In order to make a filter, we must apply a diluted layer of color. The color must be diluted with 95 to 98% thinner and 5% to 2% paint. With this ratio of thinner to paint, we will effectively be able to apply our filter. After the first filter is applied then dries, the surface will appear almost as nothing has been done. One way to see the difference obtained by the filter will be to leave a part of the model untouched. When the filter is dry, compare the untouched surface to where the filter has been applied. Filters should be applied with a smooth, round, number #6 or #8 brush. You can use Humbrol paints for filters and even oils if you want to give vividness to the surface. Pure turpentine spirit can be used as thinner but never use hard thinners or dissolvent because it will eat the base paint. The essences of turpentine are excellent if we are familiar with using them and we are aware of the results. For beginners, I recommend a normal turpentine spirit which are sold in drugstores and supermarkets. Petroleum essence will probably leave fewer marks, but with the time we will see how those filter irregularities are interesting too.

First, dip the brush into the container containing the transparent mixture of 5% paint and 95% of turpentine spirit. Lightly wipe the brush on the side of the container leaving it damp but NOT SOAKED, then immediately apply it onto the surface of the scale model. Brush so that the mixture extends uniformly. It should take about 30 or 45 seconds to apply a filter to a 1/35 scale Sherman and about 10 seconds to the same AFV in 1/72. This is important because we want the drying to be uniform.

We would have a beer, to take a break playing out most addictive computer game or surf the web looking for scale models until the filter is completely dried (1 or 2 hours), before apply the following

We can combine different colorus, ligther or darker, shades of blue, green, or orange colors.

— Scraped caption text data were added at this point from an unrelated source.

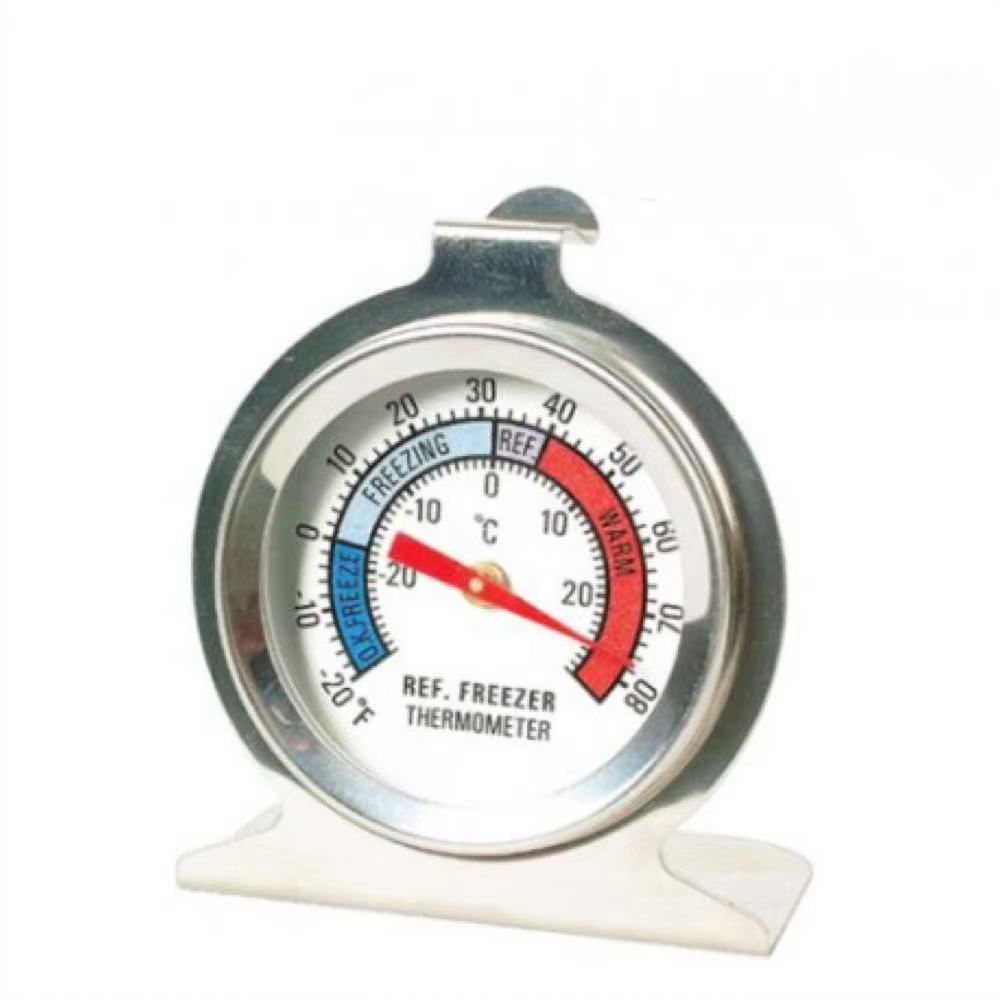 Stainless Steel Mini Fridge Thermometer Temperature Sensor High Precision Fridge Freezer For Home Kitchen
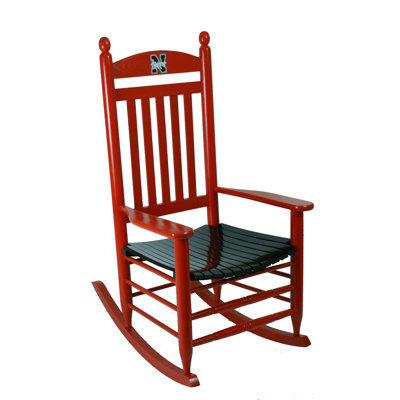 Collegiate Rocking Chair NCAA Team: University of Nebraska image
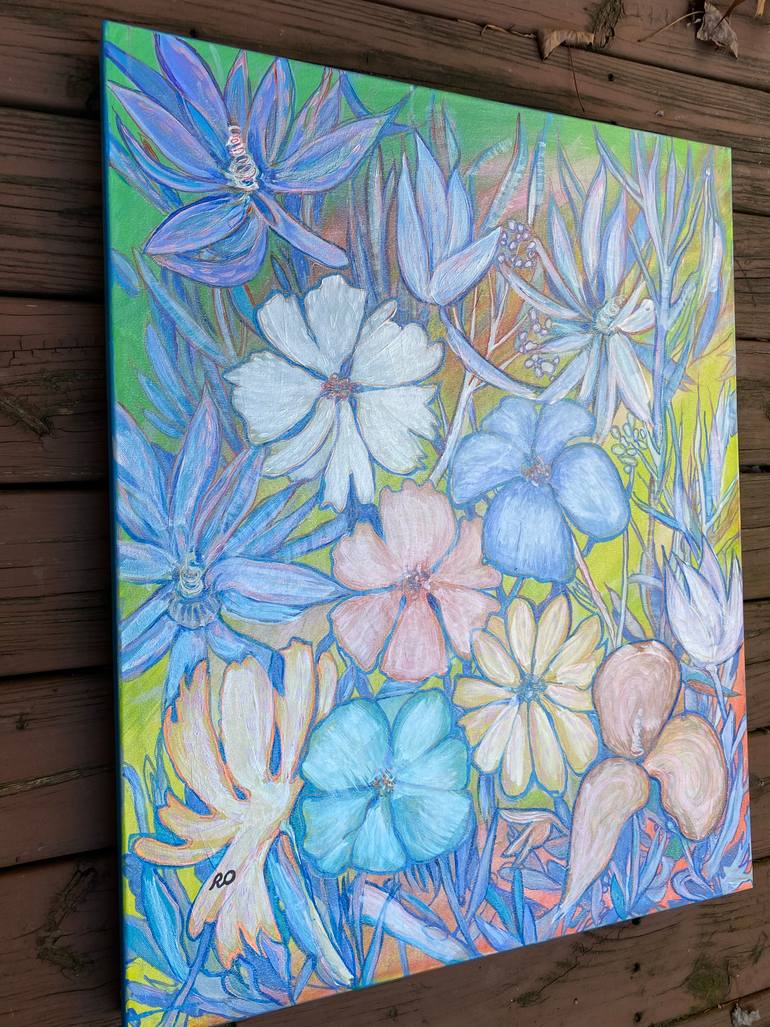 Original Impressionism Floral Painting by Olga Roartus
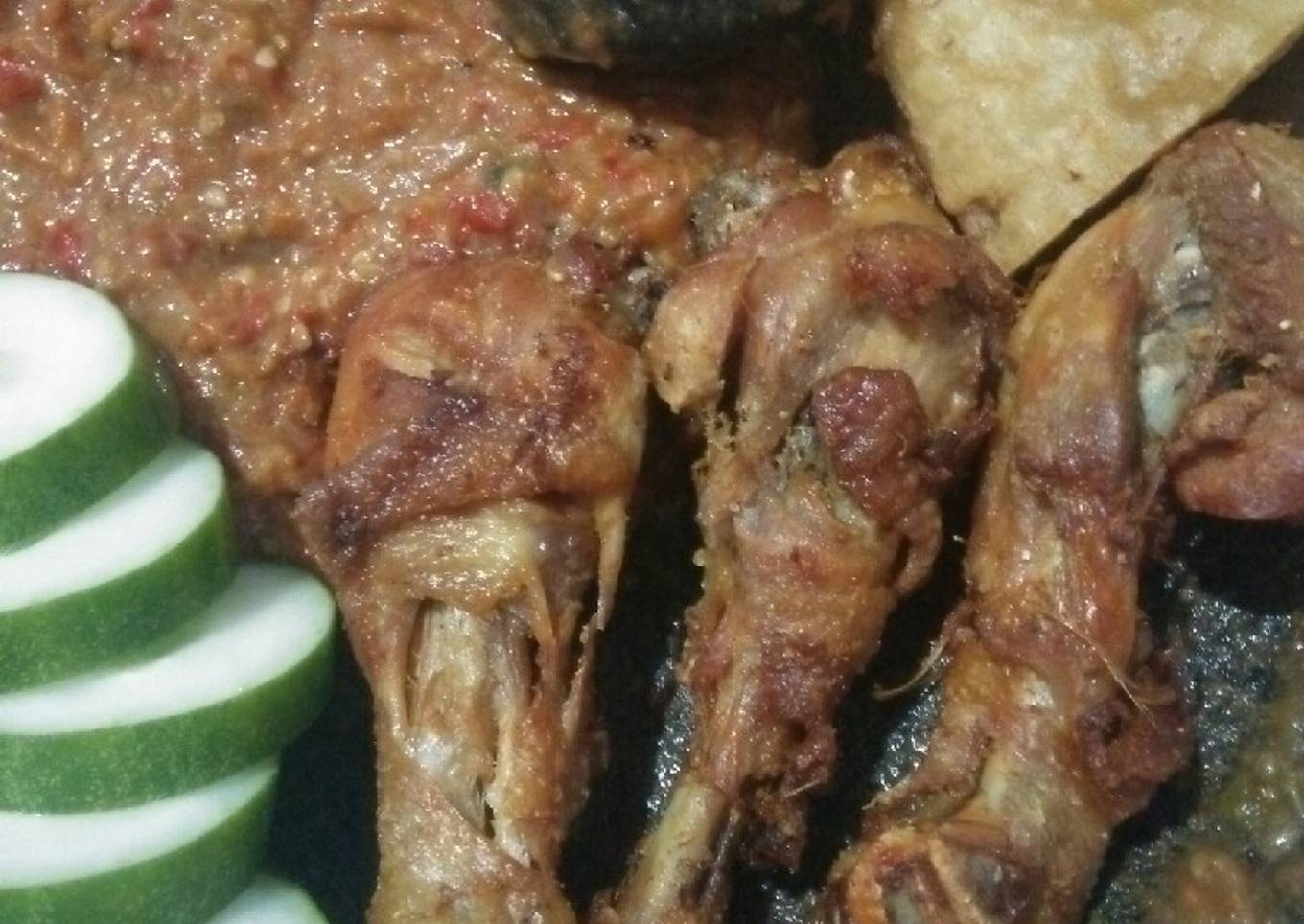 Resep Ayam goreng dan sambal ala ala lamongan Anti Gagal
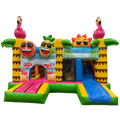 Hüpfburg Multiplay Maxi Flamingo ohne Dach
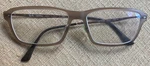 Ray-ban Light Lite Weight Eyeglasses RB7038 5457 Full Brown Frame 53-16-135. Fixed Price $35.00.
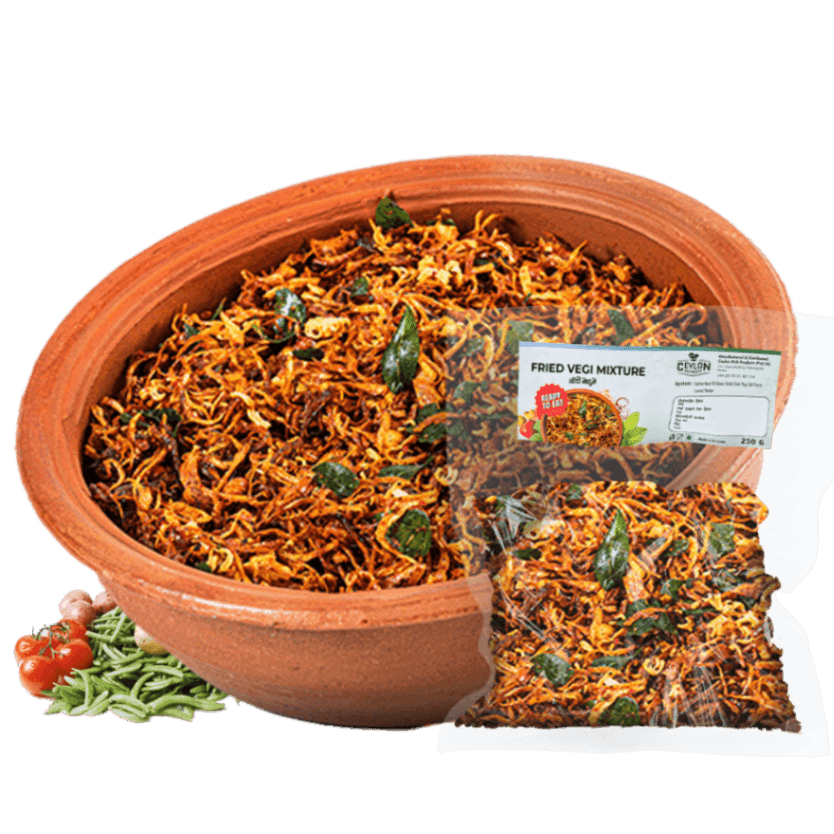 Fried Vegi Mixture — Sri Lankan fried mixtures / badum, vacuum-sealed by Ceylon Rich Products in Matara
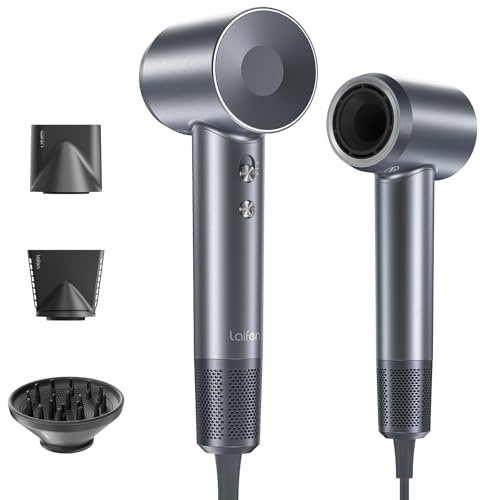 Laifen Swift Special Hair Dryer High Speed 200M Ionic for Fast Drying | Low Noise,110,000 RPM Brushless Motor, Hairdryer with Magnetic Nozzles, Hairdryers for Women & Men, Lightweight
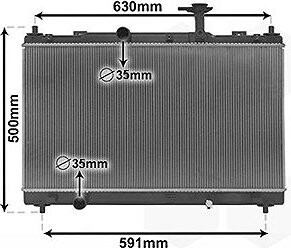 VAN WEZEL chladič, chladenie motora 52012702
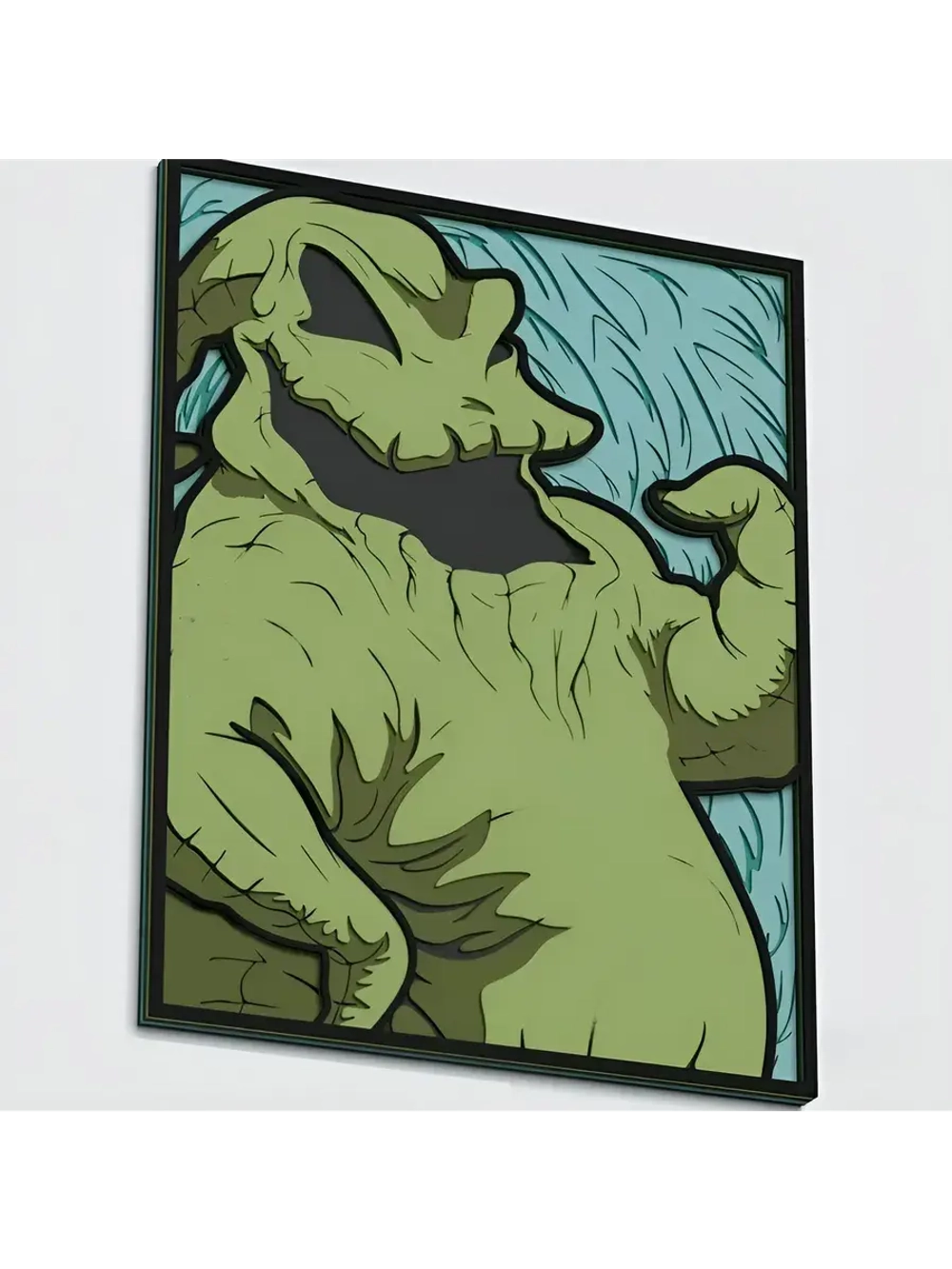 3D Картина по номерам из дерева Угги Бугги, 23x30 см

The original hue of our vehicle will not change, but as we apply our shades, they will give a surprising result, modifying the vehicle to our desired color with much precision.


It is almost impossible to end up with an undesired effect because the filters that we apply are in such light shades. Choosing the turpentine spirit is what you usually should be careful of. I recommend that you buy at least two or more different brands of turpentine spirit and test them on some trial pieces of painted plastic or a couple of old models. Once you have decided on which turpentine spirit gives the best results you will be able to use the bottle on the next 30 models that you build.

Around three years ago I purchased two 500ml bottles of turpentine spirit. The first one never fully dried leaving me with a sticky film on my test model but the second one, however, gave me the best results. Unfortunately I am unable to remember the manufacturer and the supermarket where I purchased the second brand. Now I will need to find another commercial brand of turpentine spirit that gives me the same results to replace the one I am using now.

Use it to...

Filters are used to enrich very monotone and uniform surfaces, to satin excessively matt colours or to modify also colours that are very difficult to obtain using mixtures. Suppose that you want to make a sand colored vehicle that has a slight greenish tint. We can apply our basic sand colors and then let it dry. After the sand color has dried we can add green filters and create our sand colour with the desired greenish tint.

Be aware!!

We must be careful. If we mix a filter that exceeds that delicate ratio of 5% color or if we don't brush the excess mixture off the brush onto the container, we will end up with a result that resembles that of a wash and the Know How Series #3 about the washes would have no sense !!.

The filter is a fundamental step for most of the scale models I do. The filter is an important part of our weathering process and it plays about a 5% role in the total modeling process. Before finishing I would like to say that I'm debating on possibly changing the name of the filter to the "5% technique". We hope that it will create less confusion between filters and washes.